Paşam, ülkemizin sınırlarını korumak ABD ye ve NATO’ya havale edilmiş, bela paratönerleri ve patriot bataryaları daha bilmem neler, bize dayatılıyor. Öyle bir dayatma ki, yetkililerimizin bile sonradan haberleri oluyor. Meclis’e bile haber vermeye gerek görmeksizin bu tesislerde çalışacak diye yabancı askeri güçler ülkemize yığılıyor.
Paşam “stratejik ortaklığımızı model ortaklığa” çıkardığımız dostumuz ABD’nin İsrail’e desteği ile kardeşlerimiz toptan şehit edilirken, ortağımıza bir şey diyemediğimizden, ilgili bakanlarımız ancak ağlamakla yetinmek zorunda kalıyorlar. Ağladıkça katliamın boyutları büyüyor.
Paşam, savunma sanayiimizi emanet ettiğimiz yetkililerimiz, yeni borçlar alıp onların faizlerini ödeyebilmek için varımızı yoğumuzu masaya sürmekle meşguller. Üstelik de milleti, borcumuz olmadığı gibi 5 buçuk milyar IMF ye borç veriyoruz diye oyalayarak. Dağlar gibi borcumuz olduğunu gizleyerek.

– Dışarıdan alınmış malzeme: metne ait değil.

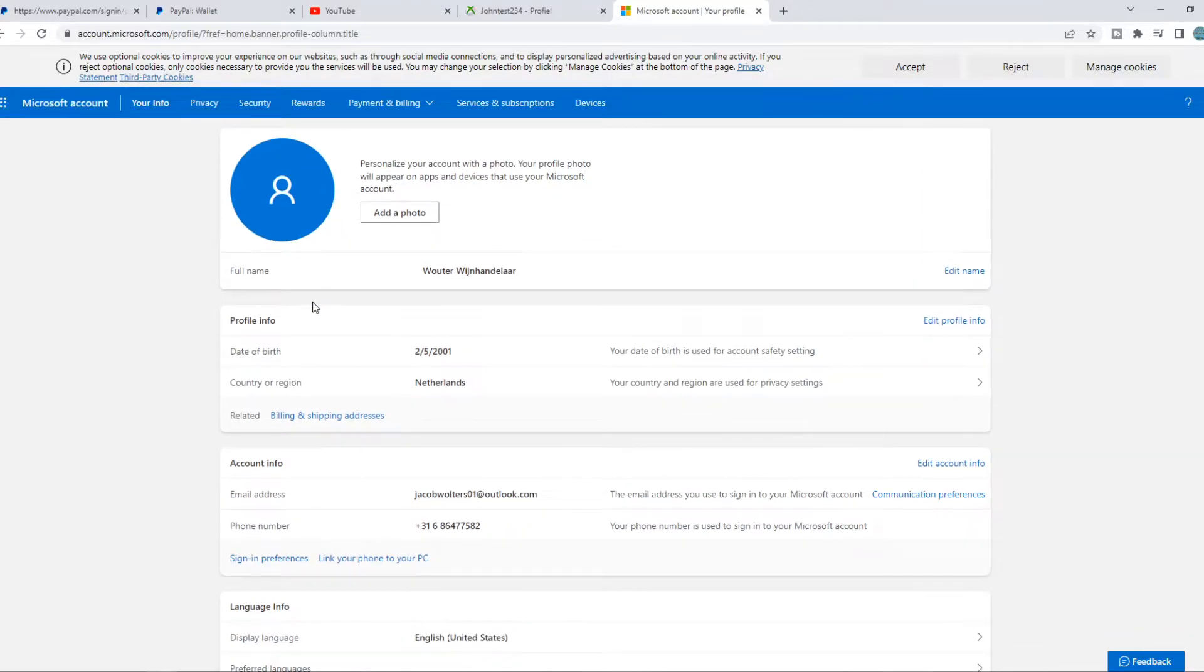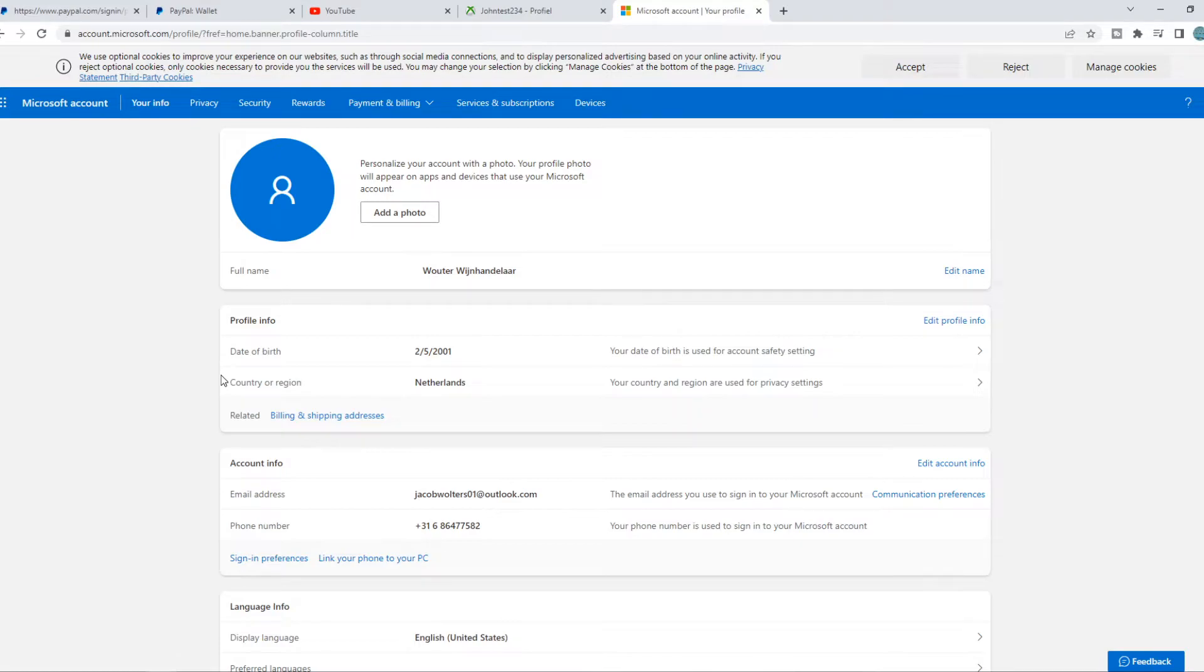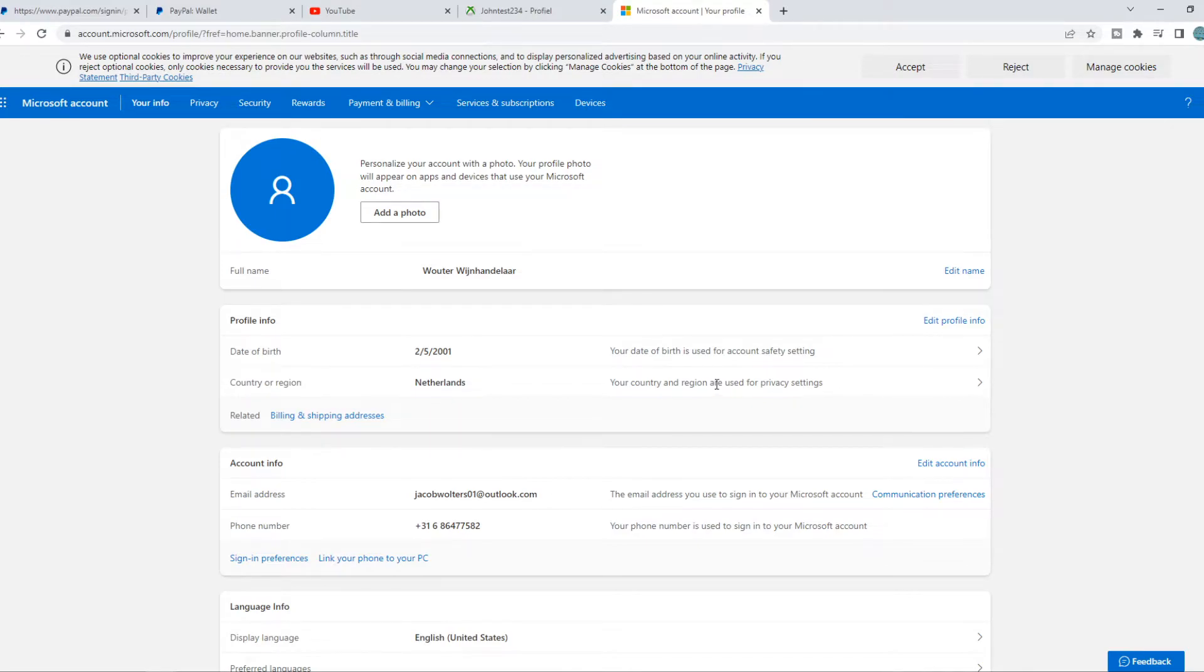Now what we need to do, we need to go to country or region. And this is where you need to change it. So if you live in a country where it's not available, or you need to fix this, you can change the country. So we can go ahead and edit profile info.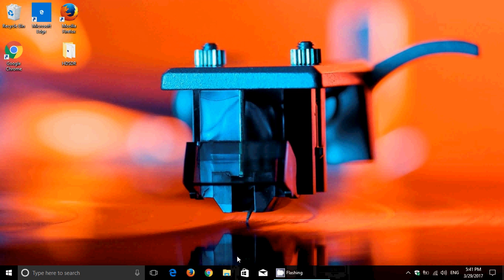Welcome to this Windows channel, and this is the full review of the Creator's Update of Windows 10 that will be coming April 11th in waves.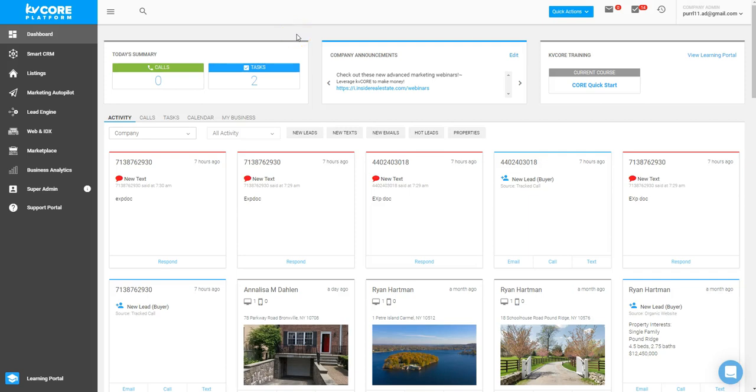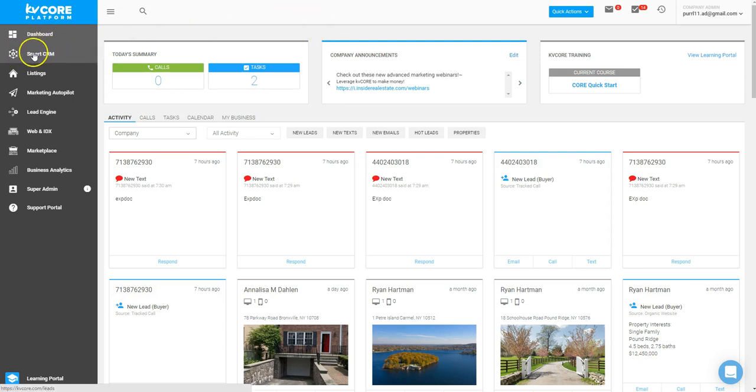Within KVCore, you have many different avenues for mass communication or singular communication within your dashboard. When speaking to open houses, you can actually build in a filter using a hashtag to group all of your folks together and message them all at the same time via text or email or even both. To find this, we're going to look into the Smart CRM.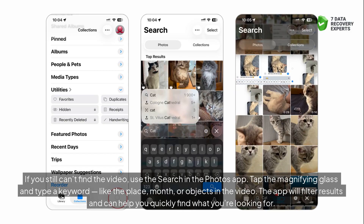If you still can't find the video, use the search in the Photos app. Tap the magnifying glass and type a keyword, like the place, month, or objects in the video. The app will filter results and can help you quickly find what you're looking for.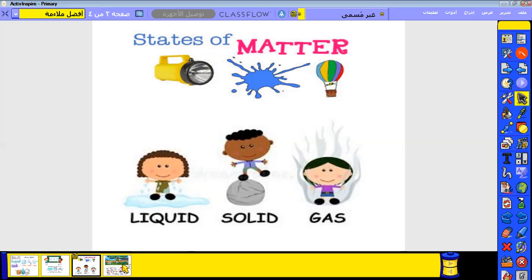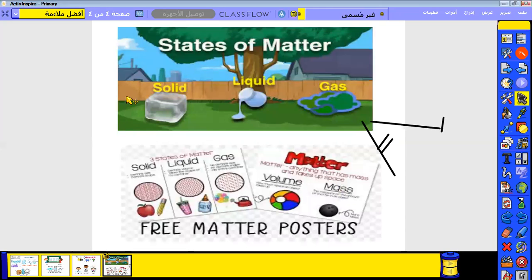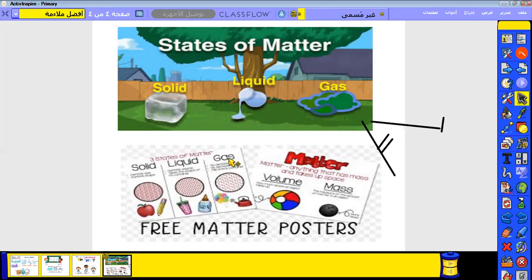Let's go to the next one. States of matter: solid, liquid, gas. Solid like this — ice. Liquid like this — milk. Gas like this — vapor. Also there is solid like an apple, liquid like juice or milk, and gas like vapor when boiling water.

Paşam, yetkililerimize “Kamu Tek Hesabı”nı bile 11 yıldır hayata geçirttirmiyorlar. Sömürecekleri faiz miktarı düşmesin diye.
Paşam, Merhum Erbakan Hocamızın başlattığı sanayi hamlesini, yerli ve yabancı sömürgeciler hesabına engellediler, üretime geçmiş olanları peşkeş çektiler ve umutlarımızı kuruttular.
Fahrettin Altay Paşam! Dertliyiz, yaralıyız, ezilmişiz, bari sen bunlarla meşgul olma da, mezarında rahat uyu. ALTAY tankı mı? Paşam daha 4 sene var, sen de bizim gibi erken heyecanlandın. 4 seneye kadar kim öle, kim kala!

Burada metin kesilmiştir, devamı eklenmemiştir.